A New Direction for the Mac Arm64 Code Generator
Walter Bright
newshound2 at digitalmars.com
Sat Jul 11 04:15:16 UTC 2026
I had carefully crafted the Mach object file generation according to how the
default Mac compilers worked. I'd compile bits of code with clang, and dump out
the object files. Fortunately, there was also a specification for it, and I
could compare the specification with what was generated.
Enter the arm64 clang. Well, it throws this out the window, and has their own
undocumented variant of the file format. I've spent a lot of time with AI trying
to figure out how to make my work still work with the new ld linker.
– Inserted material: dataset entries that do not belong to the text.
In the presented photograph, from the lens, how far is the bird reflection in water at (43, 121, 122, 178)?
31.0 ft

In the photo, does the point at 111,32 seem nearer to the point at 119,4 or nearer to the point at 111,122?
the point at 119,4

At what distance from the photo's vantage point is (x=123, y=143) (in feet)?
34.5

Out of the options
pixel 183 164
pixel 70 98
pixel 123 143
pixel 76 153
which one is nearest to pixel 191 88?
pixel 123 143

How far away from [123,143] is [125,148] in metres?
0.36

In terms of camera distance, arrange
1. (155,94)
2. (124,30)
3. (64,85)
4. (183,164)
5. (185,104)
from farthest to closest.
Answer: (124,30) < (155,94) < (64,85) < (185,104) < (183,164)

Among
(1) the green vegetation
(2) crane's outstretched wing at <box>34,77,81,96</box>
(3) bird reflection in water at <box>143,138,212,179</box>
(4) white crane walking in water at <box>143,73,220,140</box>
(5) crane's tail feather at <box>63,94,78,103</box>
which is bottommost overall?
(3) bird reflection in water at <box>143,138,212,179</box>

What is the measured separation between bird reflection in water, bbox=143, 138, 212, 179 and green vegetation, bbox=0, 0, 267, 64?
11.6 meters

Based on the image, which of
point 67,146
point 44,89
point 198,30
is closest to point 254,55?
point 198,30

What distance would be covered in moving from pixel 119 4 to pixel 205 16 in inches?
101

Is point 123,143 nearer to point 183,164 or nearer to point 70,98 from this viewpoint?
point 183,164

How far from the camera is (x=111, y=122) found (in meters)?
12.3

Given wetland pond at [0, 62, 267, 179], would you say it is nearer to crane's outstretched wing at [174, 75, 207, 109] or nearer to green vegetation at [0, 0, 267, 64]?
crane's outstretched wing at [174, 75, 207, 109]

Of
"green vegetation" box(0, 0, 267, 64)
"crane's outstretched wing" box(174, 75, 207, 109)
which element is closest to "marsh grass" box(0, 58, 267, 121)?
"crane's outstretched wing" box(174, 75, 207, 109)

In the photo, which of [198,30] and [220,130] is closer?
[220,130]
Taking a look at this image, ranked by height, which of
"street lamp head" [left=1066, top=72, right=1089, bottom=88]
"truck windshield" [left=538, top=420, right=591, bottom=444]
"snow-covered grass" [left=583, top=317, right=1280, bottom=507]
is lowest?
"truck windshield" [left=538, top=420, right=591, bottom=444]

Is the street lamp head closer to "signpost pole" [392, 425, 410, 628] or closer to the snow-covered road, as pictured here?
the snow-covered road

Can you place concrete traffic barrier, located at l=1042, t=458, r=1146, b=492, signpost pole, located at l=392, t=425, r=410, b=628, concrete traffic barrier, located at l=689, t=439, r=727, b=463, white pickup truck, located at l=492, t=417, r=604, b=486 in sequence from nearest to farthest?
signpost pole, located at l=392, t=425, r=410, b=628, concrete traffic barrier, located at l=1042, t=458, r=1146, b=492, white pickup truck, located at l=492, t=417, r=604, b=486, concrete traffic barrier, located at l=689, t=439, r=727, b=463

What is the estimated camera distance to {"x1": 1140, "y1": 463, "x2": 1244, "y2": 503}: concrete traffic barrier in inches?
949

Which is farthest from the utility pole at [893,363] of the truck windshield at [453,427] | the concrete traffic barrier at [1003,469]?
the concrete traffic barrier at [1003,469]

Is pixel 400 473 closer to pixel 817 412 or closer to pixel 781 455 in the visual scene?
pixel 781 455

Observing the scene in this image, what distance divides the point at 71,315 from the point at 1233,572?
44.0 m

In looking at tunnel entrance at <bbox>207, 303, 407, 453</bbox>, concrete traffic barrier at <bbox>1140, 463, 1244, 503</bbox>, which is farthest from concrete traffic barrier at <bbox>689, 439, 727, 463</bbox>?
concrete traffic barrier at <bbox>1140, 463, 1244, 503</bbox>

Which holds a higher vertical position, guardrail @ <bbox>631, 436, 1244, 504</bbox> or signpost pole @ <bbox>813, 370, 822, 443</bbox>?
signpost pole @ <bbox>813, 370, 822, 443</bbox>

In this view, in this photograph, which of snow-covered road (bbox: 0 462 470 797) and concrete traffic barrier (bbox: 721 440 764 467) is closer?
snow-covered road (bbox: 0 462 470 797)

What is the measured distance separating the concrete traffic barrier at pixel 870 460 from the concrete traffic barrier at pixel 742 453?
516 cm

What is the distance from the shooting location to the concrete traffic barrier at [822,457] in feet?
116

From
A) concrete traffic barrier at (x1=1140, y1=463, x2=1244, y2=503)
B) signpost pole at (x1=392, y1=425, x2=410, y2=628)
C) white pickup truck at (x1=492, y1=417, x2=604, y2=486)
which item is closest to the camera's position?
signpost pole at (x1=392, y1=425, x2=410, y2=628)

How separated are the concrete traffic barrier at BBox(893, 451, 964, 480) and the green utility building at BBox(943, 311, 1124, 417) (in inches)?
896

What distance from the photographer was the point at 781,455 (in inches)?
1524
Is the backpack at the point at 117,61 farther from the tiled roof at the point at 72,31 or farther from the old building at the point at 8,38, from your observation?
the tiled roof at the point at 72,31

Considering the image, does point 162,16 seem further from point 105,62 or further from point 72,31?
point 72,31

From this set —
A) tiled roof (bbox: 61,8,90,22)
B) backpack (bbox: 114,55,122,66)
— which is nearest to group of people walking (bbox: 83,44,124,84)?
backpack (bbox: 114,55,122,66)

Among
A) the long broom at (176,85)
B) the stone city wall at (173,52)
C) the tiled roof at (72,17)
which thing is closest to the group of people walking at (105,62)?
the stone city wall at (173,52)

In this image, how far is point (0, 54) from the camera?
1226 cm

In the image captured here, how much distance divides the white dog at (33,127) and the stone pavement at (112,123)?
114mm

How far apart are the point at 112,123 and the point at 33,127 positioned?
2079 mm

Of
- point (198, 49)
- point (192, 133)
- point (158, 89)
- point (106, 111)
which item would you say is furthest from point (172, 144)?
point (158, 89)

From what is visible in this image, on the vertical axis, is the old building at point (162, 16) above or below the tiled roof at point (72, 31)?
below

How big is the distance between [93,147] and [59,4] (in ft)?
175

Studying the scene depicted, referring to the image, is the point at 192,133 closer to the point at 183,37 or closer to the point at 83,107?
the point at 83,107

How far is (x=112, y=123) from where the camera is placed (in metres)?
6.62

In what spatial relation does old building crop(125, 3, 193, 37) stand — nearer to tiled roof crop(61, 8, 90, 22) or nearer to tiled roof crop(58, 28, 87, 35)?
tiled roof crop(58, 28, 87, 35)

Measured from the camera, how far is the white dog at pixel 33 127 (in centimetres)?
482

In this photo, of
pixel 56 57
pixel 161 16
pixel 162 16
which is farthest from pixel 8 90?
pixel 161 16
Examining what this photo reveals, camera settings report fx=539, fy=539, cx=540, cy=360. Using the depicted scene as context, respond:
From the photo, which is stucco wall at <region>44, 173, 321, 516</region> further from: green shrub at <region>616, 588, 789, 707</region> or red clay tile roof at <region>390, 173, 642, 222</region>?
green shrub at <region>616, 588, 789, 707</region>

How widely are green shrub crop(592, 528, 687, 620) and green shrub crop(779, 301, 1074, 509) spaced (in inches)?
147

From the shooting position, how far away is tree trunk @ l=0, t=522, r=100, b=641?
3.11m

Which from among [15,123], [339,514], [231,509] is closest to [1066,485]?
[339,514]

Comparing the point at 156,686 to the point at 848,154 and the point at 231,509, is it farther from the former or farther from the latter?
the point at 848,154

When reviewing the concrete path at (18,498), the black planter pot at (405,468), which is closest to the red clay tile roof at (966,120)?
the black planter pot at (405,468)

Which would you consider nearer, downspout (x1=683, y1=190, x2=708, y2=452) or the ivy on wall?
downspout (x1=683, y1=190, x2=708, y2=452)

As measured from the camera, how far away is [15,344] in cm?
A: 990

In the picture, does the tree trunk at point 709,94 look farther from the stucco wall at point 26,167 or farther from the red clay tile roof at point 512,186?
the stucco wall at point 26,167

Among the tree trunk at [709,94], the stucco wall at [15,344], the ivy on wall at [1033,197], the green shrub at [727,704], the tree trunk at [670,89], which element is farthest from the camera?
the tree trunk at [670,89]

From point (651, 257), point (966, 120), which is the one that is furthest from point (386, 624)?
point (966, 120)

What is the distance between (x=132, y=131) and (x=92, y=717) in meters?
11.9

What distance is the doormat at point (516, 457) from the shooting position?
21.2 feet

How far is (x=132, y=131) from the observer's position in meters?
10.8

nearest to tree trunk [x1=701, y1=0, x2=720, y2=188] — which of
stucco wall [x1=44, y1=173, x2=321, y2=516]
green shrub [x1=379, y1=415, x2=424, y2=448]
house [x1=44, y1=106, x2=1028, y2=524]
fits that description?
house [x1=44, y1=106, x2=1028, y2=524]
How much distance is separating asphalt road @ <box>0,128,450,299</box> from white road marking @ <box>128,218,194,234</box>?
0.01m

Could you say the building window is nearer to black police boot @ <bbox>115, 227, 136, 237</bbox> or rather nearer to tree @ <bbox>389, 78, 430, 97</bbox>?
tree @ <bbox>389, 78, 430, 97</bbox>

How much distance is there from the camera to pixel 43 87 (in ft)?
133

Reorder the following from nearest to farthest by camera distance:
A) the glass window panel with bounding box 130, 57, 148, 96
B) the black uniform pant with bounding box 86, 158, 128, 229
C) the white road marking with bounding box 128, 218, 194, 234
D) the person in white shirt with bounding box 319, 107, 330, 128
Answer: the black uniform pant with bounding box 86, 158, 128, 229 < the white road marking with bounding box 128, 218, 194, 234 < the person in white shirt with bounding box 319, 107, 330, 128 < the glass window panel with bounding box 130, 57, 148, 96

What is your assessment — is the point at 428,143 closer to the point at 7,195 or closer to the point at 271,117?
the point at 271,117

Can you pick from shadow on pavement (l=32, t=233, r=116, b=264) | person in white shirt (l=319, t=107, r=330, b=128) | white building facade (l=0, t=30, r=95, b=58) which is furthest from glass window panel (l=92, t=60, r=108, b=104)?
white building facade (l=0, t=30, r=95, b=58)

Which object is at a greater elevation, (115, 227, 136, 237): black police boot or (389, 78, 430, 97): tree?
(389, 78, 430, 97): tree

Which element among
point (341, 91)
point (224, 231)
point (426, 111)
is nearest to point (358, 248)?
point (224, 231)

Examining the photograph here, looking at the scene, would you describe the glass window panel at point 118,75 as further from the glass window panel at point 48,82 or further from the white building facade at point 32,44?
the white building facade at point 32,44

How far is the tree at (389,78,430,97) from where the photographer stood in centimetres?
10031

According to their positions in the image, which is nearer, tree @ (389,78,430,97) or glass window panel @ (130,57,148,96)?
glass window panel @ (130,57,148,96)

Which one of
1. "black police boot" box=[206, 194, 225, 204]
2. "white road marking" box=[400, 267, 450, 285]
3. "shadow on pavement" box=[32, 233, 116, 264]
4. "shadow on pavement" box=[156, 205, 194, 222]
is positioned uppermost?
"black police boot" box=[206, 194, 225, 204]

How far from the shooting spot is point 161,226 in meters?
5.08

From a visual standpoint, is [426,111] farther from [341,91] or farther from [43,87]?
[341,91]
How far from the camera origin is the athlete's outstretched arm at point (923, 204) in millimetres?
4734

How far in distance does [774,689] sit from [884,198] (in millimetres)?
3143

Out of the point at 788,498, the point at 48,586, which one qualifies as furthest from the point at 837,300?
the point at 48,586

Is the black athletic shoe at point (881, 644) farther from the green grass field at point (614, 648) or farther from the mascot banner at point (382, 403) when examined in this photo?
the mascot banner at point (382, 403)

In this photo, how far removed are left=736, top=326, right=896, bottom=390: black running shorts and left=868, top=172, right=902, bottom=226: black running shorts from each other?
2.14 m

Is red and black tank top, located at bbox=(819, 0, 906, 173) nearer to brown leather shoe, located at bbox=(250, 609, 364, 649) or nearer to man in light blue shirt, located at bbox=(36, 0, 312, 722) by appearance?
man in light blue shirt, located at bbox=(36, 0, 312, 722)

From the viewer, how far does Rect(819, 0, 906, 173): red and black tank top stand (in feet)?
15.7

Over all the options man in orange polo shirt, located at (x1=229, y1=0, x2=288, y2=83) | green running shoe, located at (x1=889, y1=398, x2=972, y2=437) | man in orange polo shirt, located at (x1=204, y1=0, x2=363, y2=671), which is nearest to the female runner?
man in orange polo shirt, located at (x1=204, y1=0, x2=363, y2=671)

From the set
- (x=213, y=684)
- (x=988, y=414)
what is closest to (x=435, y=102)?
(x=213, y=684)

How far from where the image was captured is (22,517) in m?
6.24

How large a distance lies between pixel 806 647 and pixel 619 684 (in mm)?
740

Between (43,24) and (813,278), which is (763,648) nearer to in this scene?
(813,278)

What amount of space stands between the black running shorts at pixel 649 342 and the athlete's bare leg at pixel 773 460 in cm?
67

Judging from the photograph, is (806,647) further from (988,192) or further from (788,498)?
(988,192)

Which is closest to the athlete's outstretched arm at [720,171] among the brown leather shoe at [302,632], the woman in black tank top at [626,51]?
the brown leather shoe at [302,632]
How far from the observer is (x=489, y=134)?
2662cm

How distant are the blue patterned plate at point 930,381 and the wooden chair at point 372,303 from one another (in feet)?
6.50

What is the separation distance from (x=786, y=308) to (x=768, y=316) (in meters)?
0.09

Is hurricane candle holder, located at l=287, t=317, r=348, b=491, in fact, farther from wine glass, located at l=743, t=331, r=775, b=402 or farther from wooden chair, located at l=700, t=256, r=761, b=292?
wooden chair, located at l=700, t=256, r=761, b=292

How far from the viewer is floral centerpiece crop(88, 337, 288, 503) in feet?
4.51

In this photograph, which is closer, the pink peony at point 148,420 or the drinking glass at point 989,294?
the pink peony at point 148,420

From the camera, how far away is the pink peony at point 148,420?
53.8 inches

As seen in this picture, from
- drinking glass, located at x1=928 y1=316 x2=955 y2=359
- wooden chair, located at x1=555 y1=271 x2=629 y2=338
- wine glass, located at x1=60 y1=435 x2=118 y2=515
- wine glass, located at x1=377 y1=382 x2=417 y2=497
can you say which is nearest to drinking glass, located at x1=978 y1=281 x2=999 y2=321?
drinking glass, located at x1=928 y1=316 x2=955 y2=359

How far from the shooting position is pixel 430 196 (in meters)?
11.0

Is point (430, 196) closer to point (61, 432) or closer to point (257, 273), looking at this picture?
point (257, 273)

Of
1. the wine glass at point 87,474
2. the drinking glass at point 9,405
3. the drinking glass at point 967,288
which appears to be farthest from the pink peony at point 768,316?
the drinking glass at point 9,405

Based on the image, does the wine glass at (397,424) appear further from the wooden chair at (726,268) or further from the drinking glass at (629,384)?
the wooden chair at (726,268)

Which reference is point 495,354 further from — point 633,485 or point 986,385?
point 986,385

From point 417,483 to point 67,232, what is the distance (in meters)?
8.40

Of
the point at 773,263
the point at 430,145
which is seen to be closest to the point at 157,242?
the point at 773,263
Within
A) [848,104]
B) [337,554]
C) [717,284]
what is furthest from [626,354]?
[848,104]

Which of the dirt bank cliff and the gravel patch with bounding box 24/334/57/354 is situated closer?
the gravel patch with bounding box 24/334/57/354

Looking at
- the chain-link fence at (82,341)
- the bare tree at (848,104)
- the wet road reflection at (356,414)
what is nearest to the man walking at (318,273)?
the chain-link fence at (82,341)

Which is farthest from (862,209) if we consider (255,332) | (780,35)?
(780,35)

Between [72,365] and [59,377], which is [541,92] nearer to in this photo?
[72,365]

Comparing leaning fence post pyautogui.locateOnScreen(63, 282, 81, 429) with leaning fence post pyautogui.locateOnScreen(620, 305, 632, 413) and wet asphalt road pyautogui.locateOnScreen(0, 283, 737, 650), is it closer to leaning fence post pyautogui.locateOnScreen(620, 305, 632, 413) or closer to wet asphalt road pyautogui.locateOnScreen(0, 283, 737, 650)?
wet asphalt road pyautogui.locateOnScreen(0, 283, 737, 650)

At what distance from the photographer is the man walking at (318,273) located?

The AI would give me mostly correct information, but would never quite give me
the details of how it was supposed to work. (This is the likely result of a lack
of documentation.) Many of its recommendations just resulted in internal linker
assert failures. Yes, my object files would crash ld. This is not helpful
because I don't know why they crashed it. AI finally recommended to me reading
the LLVM linker source code (it's open source).
Well, looking at that undocumented uncommented hellish snarl of C++ code was a
moment of unhappy frustration for me.
So I am forced to abandon the documented way to generate object files, and
reverse engineer the new way. At least one point in my favor is I can use g++ to
generate sample .o files, and then try to conform to what g++ emits.
It's going to be slow going, though.
Given the frequent erroneous assertions AI has made about the object code
format, I won't bother trying to use AI to generate the code.